> DATASET ENTRIES
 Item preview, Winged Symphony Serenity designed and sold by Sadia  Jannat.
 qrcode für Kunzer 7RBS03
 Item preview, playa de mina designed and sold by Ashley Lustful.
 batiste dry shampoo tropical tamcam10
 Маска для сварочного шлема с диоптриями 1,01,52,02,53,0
* * *
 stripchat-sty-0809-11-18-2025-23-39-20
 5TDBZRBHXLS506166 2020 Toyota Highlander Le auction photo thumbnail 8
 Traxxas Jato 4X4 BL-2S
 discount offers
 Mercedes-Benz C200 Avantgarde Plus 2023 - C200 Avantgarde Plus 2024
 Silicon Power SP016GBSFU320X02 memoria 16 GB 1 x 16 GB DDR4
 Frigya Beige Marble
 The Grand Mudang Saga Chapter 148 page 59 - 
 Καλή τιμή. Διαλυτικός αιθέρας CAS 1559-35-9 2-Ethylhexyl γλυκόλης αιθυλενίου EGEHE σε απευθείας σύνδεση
* * *
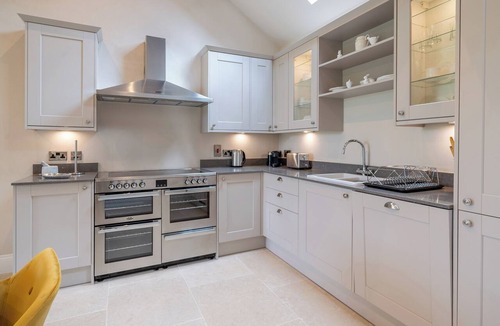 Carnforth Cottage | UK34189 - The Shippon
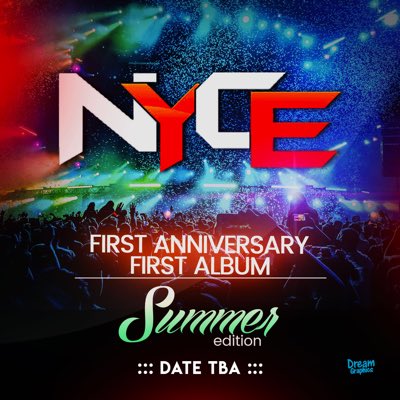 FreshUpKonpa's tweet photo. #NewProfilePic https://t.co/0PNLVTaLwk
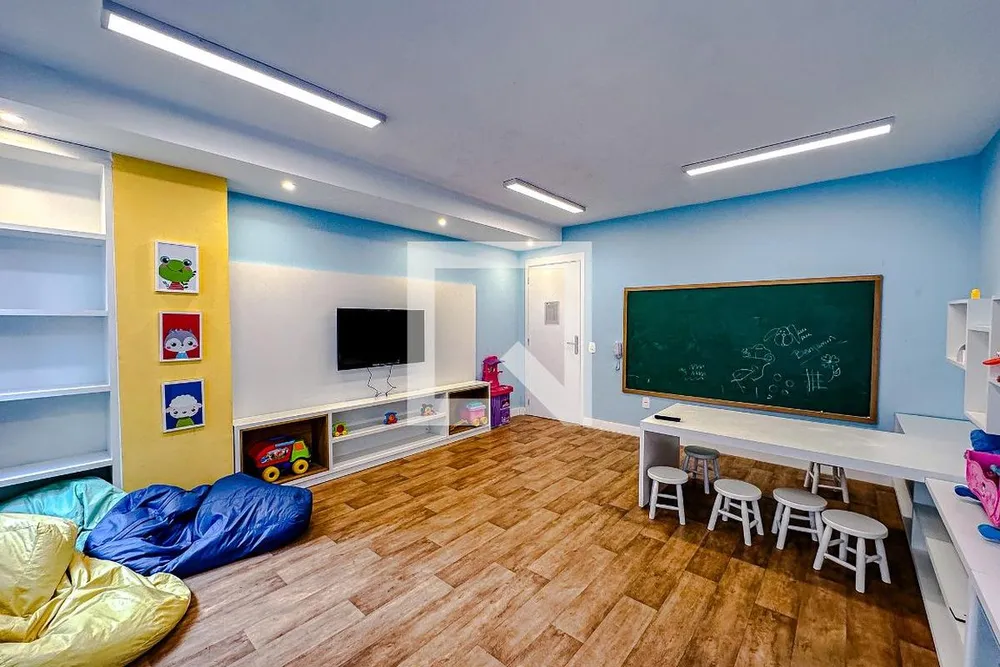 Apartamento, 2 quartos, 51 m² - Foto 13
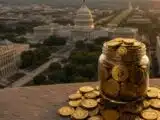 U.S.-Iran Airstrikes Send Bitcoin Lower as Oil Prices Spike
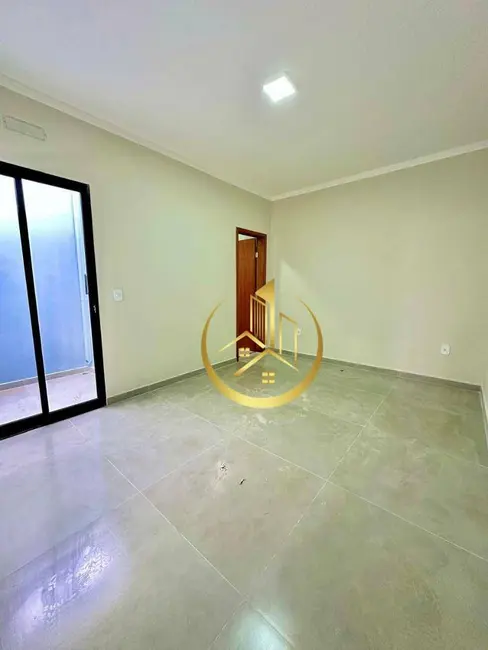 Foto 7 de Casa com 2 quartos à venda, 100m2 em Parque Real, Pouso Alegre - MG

> TASK REQUIREMENTS
From the records above, retype only the lines starting at the line that contains "Traxxas Jato 4X4 BL-2S" and ending at the line that contains "Καλή τιμή. Διαλυτικός", both included.

> THE COMPLETED TASK
 Traxxas Jato 4X4 BL-2S
 discount offers
 Mercedes-Benz C200 Avantgarde Plus 2023 - C200 Avantgarde Plus 2024
 Silicon Power SP016GBSFU320X02 memoria 16 GB 1 x 16 GB DDR4
 Frigya Beige Marble
 The Grand Mudang Saga Chapter 148 page 59 - 
 Καλή τιμή. Διαλυτικός αιθέρας CAS 1559-35-9 2-Ethylhexyl γλυκόλης αιθυλενίου EGEHE σε απευθείας σύνδεση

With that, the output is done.